For the most part, GAIN members deny the charges of authoritarianism, but maintain that what goes on in all of East Austin affects them. In fact, some members consider it their moral responsibility to be involved in the affairs of other neighborhoods. "They're our neighbors," says GAIN President Cantu-McGarrahan. "Who would speak for them if we didn't? They're scared, and many of them are elderly. They need our help and they want to stay."
Perhaps that sentiment stems from GAIN's success with its own neighborhood, which to many has become the standard for revitalization in East Austin. Long-time Guadalupe residents say the effort began with Zapata, who took community policing into his own hands in the late Eighties, appointing a crime-watch captain to each block and patrolling the neighborhood himself. But the turning point came in 1991, when Rogers caught wind of a new neighborhood fund at the city called the Neighborhood Support Program (NSP) that, ironically, Watkins had implemented. To receive the funds, which would amount to $10,000 that year, the residents created a non-profit corporation, and GAIN was born.

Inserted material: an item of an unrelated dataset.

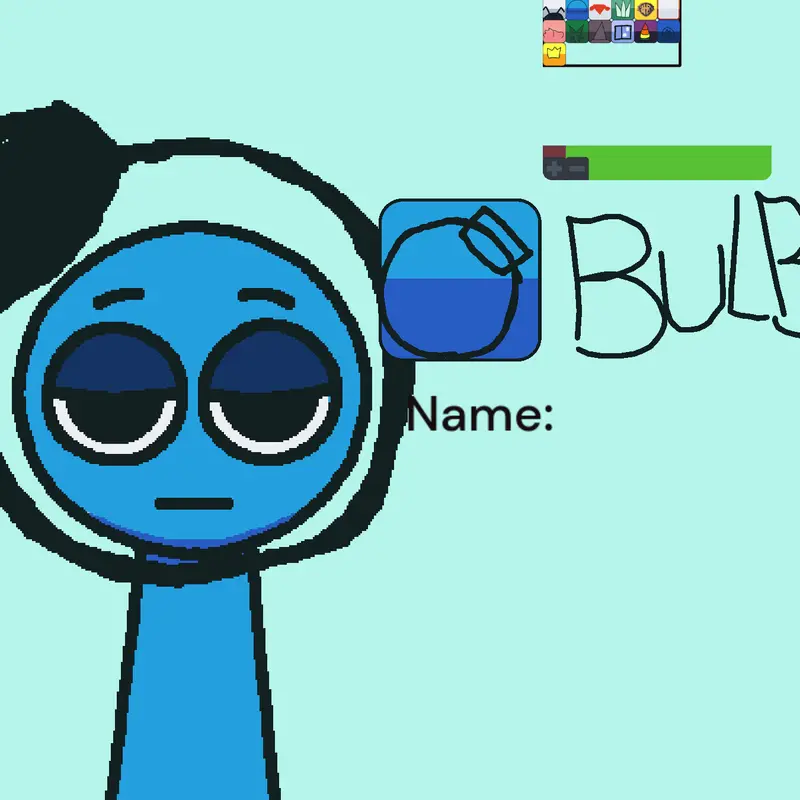 Game by @Hexologram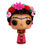 Thumbnail: Frida Kahlo No.12 Customized Pop Vinyl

The new group quickly purchased lawn equipment and dumpsters, and hired local youth crews for neighborhood clean-ups. Zapata's crime-watch was aided with C.B.'s and the installation of motion-detection lights on Guadalupe houses. With the NSP funding, Rogers started a newsletter that dealt partly with neighborhood revitalization efforts and partly with political decisions affecting Central East Austin. "The Guadalupe neighborhood has come along very well as a place to live," says NHC Director Bill Cook. "If you count the condition of the housing, the cost of land, and the cost of houses, across the board that neighborhood is probably the strongest [in East Austin], in terms of being revitalized."
Crime in the neighborhood dropped 23% in the two years after GAIN's founding, and Zapata and his crime-watch program were spotlighted on the CBS evening news in 1993. Since then, the crime rate has remained consistently low, according to Lt. Jim Fealy, who's in charge of police activity in Central East Austin. "In the past five or six years, it's incredibly better than it was," says Fealy. "That's due in large part to the Guadalupe Neighborhood Association."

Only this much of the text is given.